In a way, it was a depressing Saturday for college basketball fans to see the two best pass-first point guards in the NCAA completely stray from their games. As an NBA fan, I was distraught wondering if this is the future of the league. We should be thanking guys like LeBron for not giving into the media pressures that claim, “If you’re the best player on the team, you must take and make the last shot!” He’s one of the few that is actually upholding the purity of the game.
Anti-hero ball sentiment should trickle down to the pass-first guys. Otherwise, we really shouldn’t be calling them pass-first, should we? Neither Pressey nor Carter-Williams is a knockdown shooter and their desirable dishing is what gets them on SportsCenter so we label “pass-first”.

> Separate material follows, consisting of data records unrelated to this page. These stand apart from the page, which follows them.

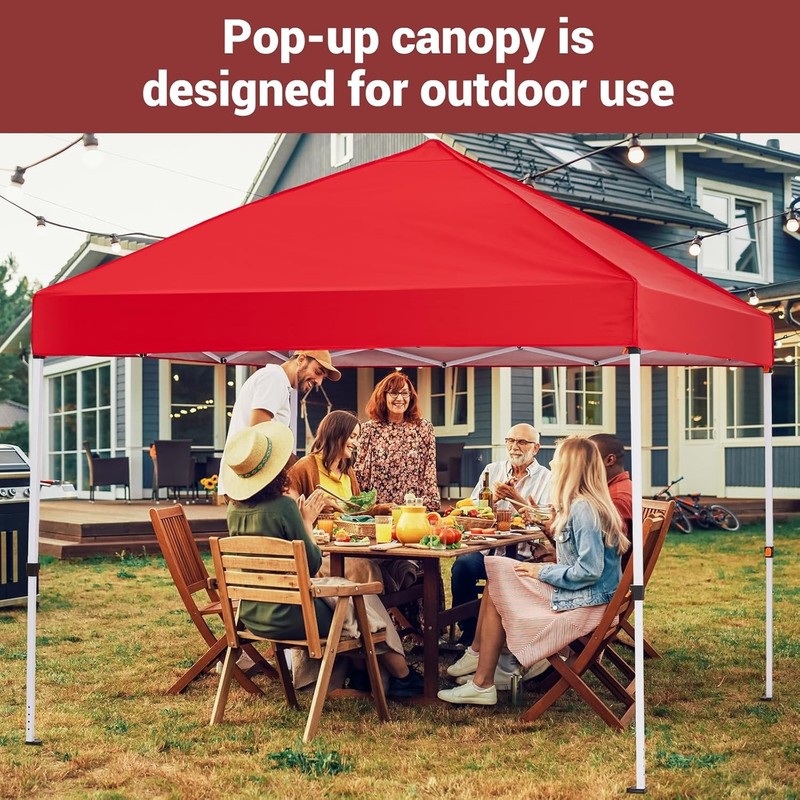 8x8 ft Pop Up Canopy Tent Adjustable Straight Leg Heights with Bag, Red gallery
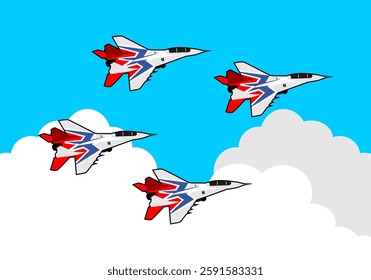 vector aerobatic team jet fighter aircraft air show in the sky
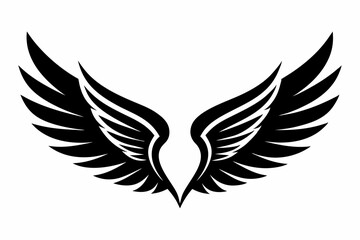 Obraz premium wing silhouette line art vector illustration with a white background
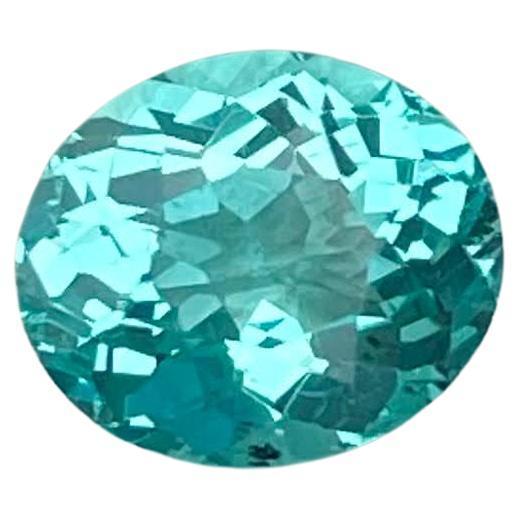 1.10 Carats Neon Blue Loose Apatite Stone Oval Cut Natural Madagascar's Gemstone For Sale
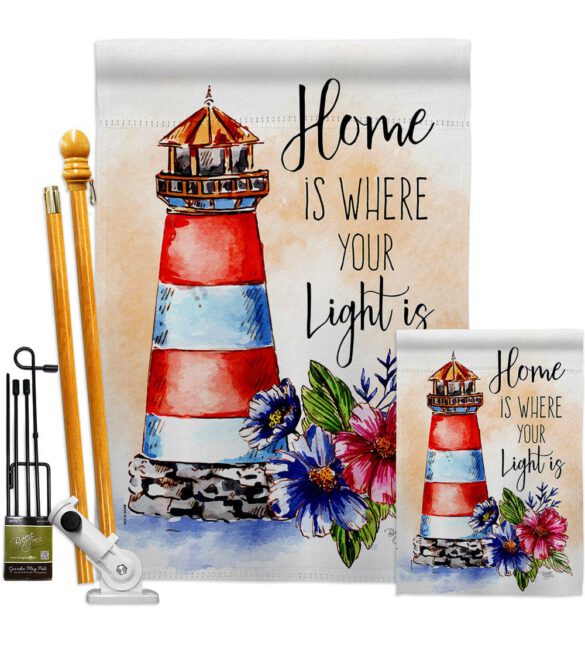 Home Is Light - Nautical Coastal Vertical Impressions Decorative Flags HG107071 Made In USA - Image 6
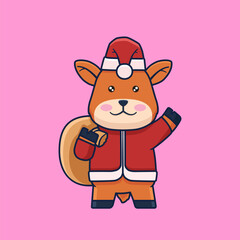 Vector Illustration of Cute Reindeer Wear Santa Costume.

But how can a Missouri point guard that has missed 14-plus shots in two of his past four games really be a pass-first guy? How can a Syracuse player that refused to allow his teammates to get into a rhythm against a lesser team have that label?
We love to credit assists. Pressey is averaging 6.3 per game while Carter-Williams boasts a nation-leading 10.3 per game. But those two players dominate the ball as much as any others in the country.
When Carter-Williams forces eight consecutive possessions of either his shot or a shot directly off one of his passes, of course he’ll get assists. When Pressey dominates the ball for the vast majority of his team’s possessions in a game in which he sat only one minute, clearly he’s going to threaten double-double numbers. That’s the way the game works. Statistics are situational. They need context.
Right now, the context is hero ball. And if we want our true pass-first point guards back, we need to bury that idea before it ruins the game as we know it.